● What the task requires
Copy out the data from the line containing "ONE OF A KIND" to its last line, exactly. No pictures.
****
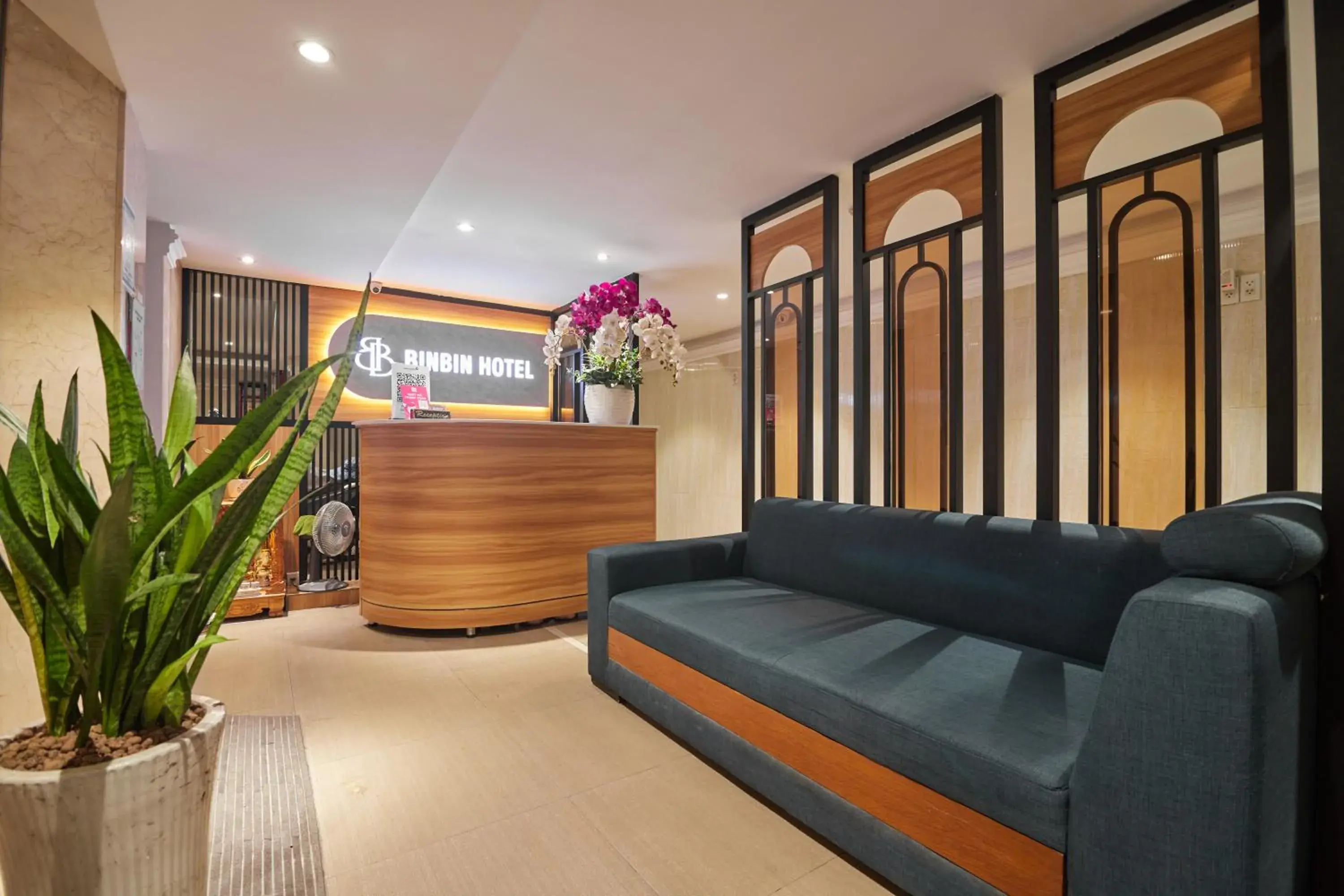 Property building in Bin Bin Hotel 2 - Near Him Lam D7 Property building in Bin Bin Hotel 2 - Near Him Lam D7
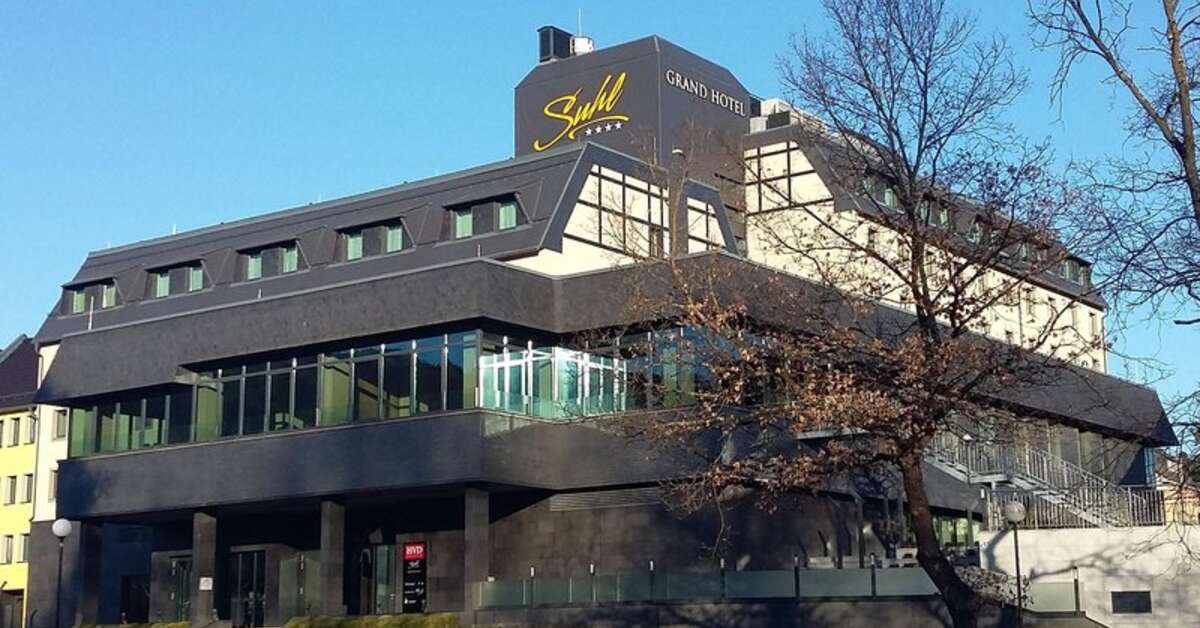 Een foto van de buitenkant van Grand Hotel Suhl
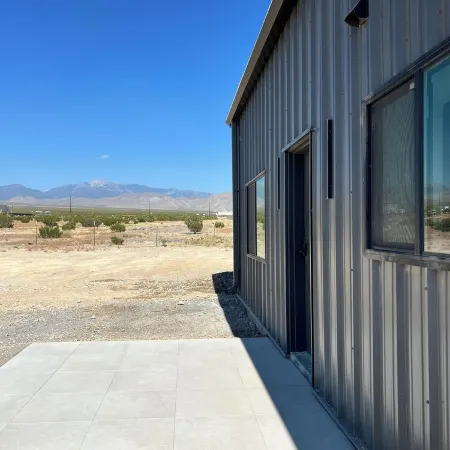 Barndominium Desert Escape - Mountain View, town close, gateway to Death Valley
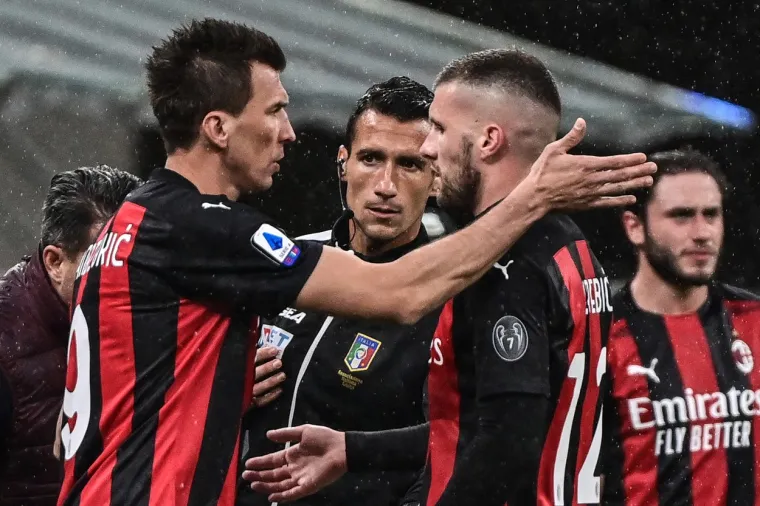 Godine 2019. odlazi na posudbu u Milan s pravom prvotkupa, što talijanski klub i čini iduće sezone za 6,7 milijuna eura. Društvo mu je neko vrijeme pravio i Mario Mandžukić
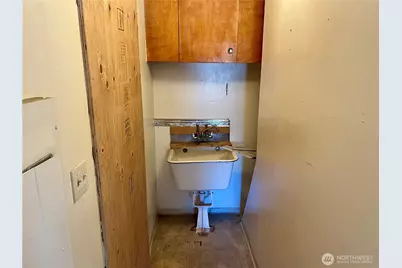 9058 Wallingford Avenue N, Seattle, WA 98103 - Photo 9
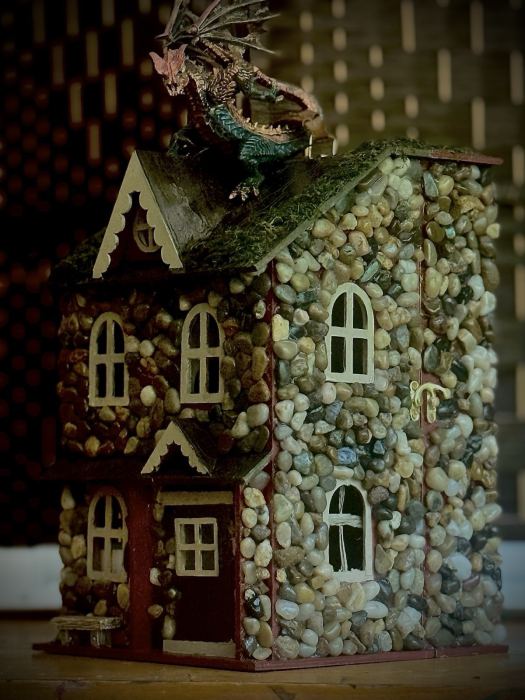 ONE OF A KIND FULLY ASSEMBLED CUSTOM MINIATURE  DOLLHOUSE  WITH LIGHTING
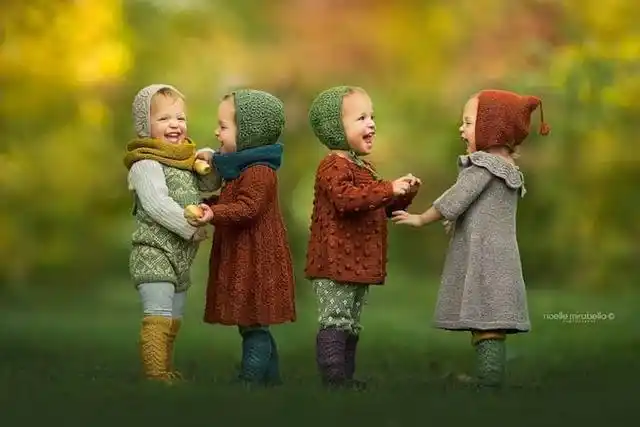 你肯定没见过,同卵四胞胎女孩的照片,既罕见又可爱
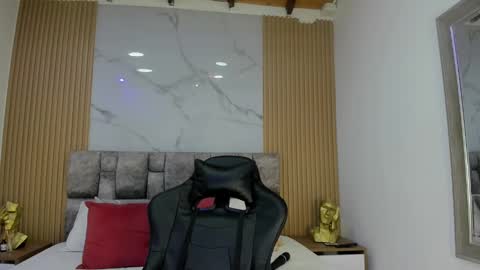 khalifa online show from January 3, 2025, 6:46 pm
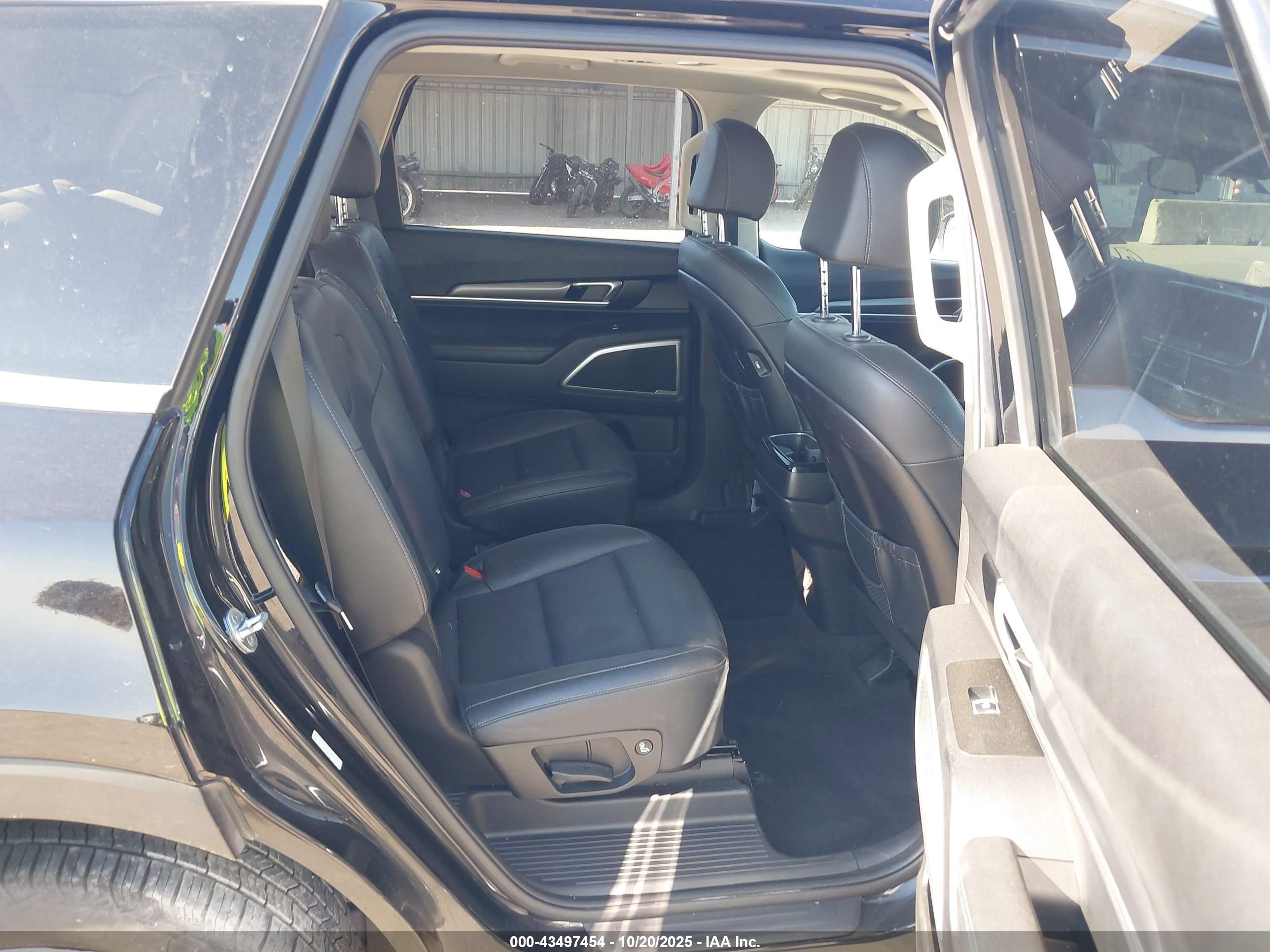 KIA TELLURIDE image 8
****
● Solution to this task
 ONE OF A KIND FULLY ASSEMBLED CUSTOM MINIATURE  DOLLHOUSE  WITH LIGHTING
 你肯定没见过,同卵四胞胎女孩的照片,既罕见又可爱
 khalifa online show from January 3, 2025, 6:46 pm
 KIA TELLURIDE image 8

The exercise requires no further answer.